Décédé à Veymerange en 1942.
Article dédié à mon père...
Noël Ernest PERSIN :
Aviateur, engagé en 1935 dans ce qui n'était pas encore l'armée de l'air, qui à 90 ans passés, honorait de sa présence toutes les cérémonies du 11 novembre à Thionville-Veymerange. Décédé à Veymerange le 15 août 2008.
Le 11 novembre de mon enfance.
C’était dans les années 1960, je fréquentais alors l’école primaire du village, notre instituteur, un grand monsieur, très gentil, Monsieur Malvaux, nous enseignait entre autres, l’hymne national.
Pour le 11 novembre, un petit groupe était choisi pour chanter la Marseillaise devant le monument aux morts du village qui se situait à l’entrée du cimetière.
Souvent, j’ai fait parti de ce groupe, vers 11h, avec un temps de Toussaint, froid, brumeux ou sous le crachin, nous chantions cette Marseillaise avec entrain mais aussi avec timidité
Le maire était là qui faisait un discours et déposait une gerbe, les anciens combattants présents avec leurs médailles, leurs bérets et leurs drapeaux et puis il y avait une grande partie de la population. Après la cérémonie, les gens allaient sur leur tombe de famille.
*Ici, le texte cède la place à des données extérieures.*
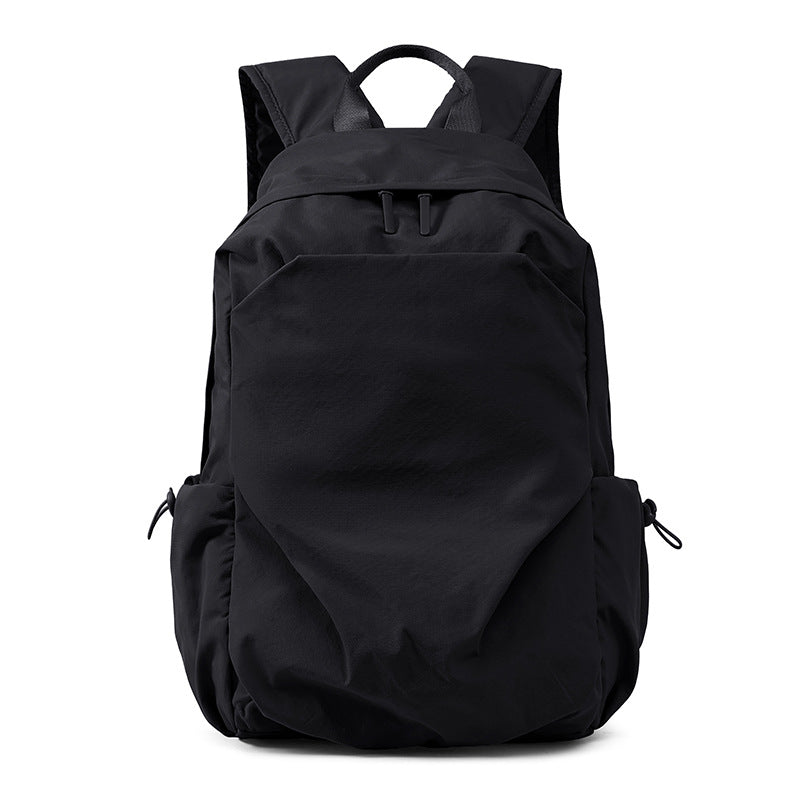 Women's & Men's College Large Capacity Waterproof Computer Commuter Backpacks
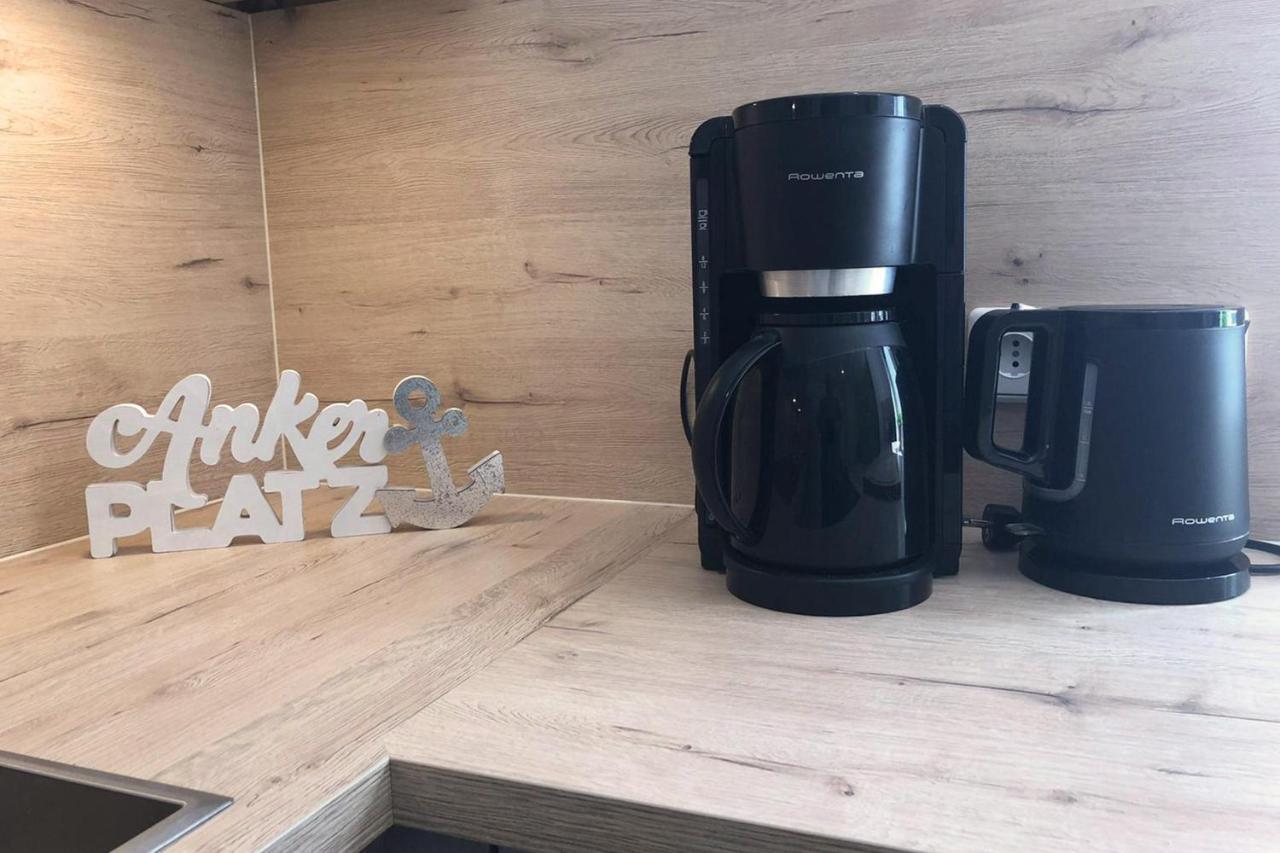 Atriumhaus Meisenweg 4 كيلينهوسن المظهر الخارجي الصورة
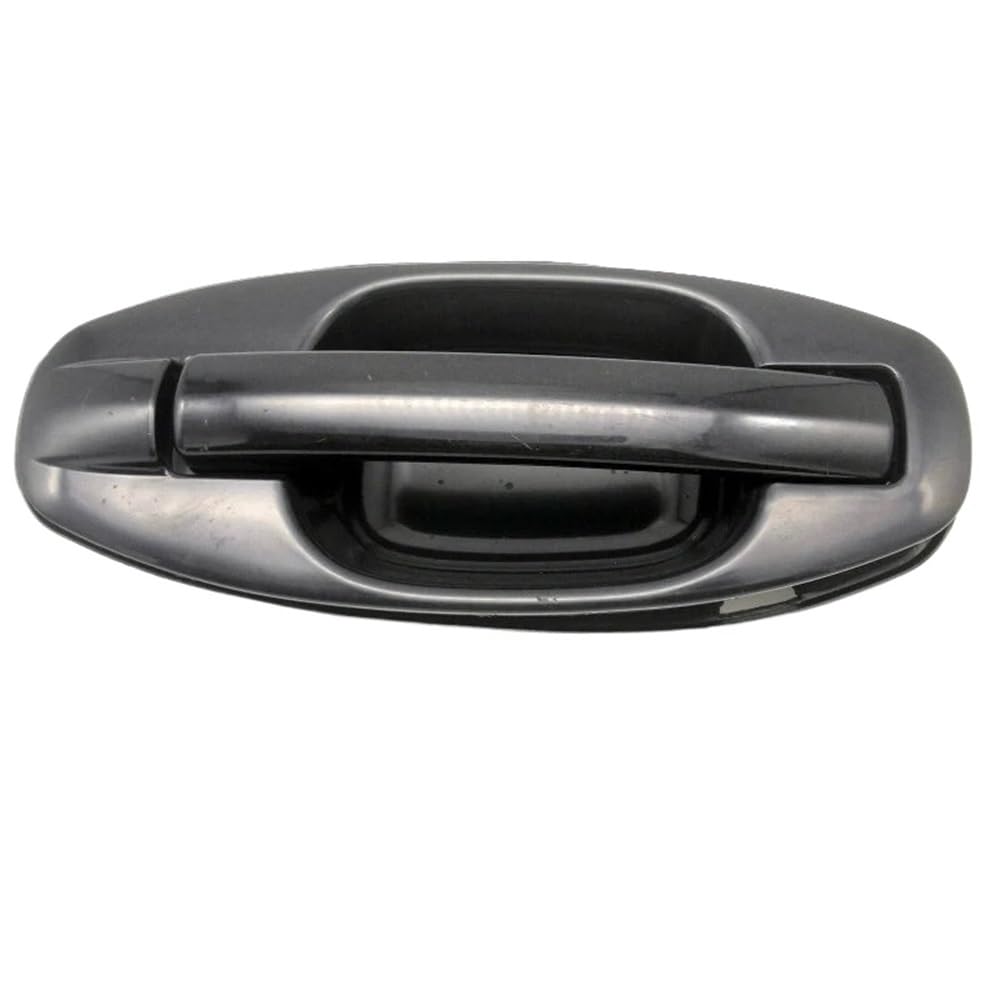 Wsx5fc Back Right Exterior Door Handles Car Outside Handle Bowl For Santa Fe 2001-2006 82650-26000 82660-26000 Door Exterior 4 Doors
En sortant du cimetière, on mettait quelques francs dans les boites du souvenir français et on nous accrochait au revers de la veste, un petit bleuet en papier qu’on portait toute la journée avec fierté ...
Au final, une cérémonie assez impressionnante pour de jeunes garçons et filles d’une douzaine d’années.
Moi, je regardais ces noms inscrits sur le marbre et j’essayais d’imaginer leur âge, où étaient-ils morts, comment et dans quelles conditions ?
Maintenant retraité, le temps m’est donné pour apporter quelques lumières sur ces époques déjà lointaines, pleines de fureur et de sang, où la jeunesse de notre pays a été prise de grè ou de force dans des événements qui la dépassaient, eux, paysans, ouvriers ou mineurs qui n’avaient jamais quitté leur petit village, où Metz était déjà si loin....
Certains sont morts si jeunes, dans des pays lointains dont ils n’avaient jamais entendu parler, loin de leur famille, de leurs amis, de leur village.
Leurs corps sont encore là-bas dans les plaines d’Ukraine, de Pologne, de Lituanie, d’Argonne ou du Nord, leurs familles n’ont jamais eu que le souvenir, quelques photos et des noms sur une plaque de marbre...C’est la raison de ce petit mémoire, leur rendre encore hommage, en faisant connaître l’histoire de ces hommes et de ces monuments,
Honorer les jeunes gens de nos villages tués pendant cette première grande guerre ne fut pas simple car en 1914 la Moselle comme l'Alsace faisait partie de l'empire allemand depuis déjà 44 ans.
Ils furent donc appelés à combattre dans l'armée allemande où ils payèrent un lourd tribu, principalement sur le front Est, où par défiance envers leur loyauté à l'Empire, on les envoyait combattre.
Le monument aux morts de Strasbourg, illustre bien ce propos.
Une mère (ici la ville de Strasbourg), tient ses deux fils mourants contre elle.
L'un regarde en direction de la France, l'autre vers l'Allemagne.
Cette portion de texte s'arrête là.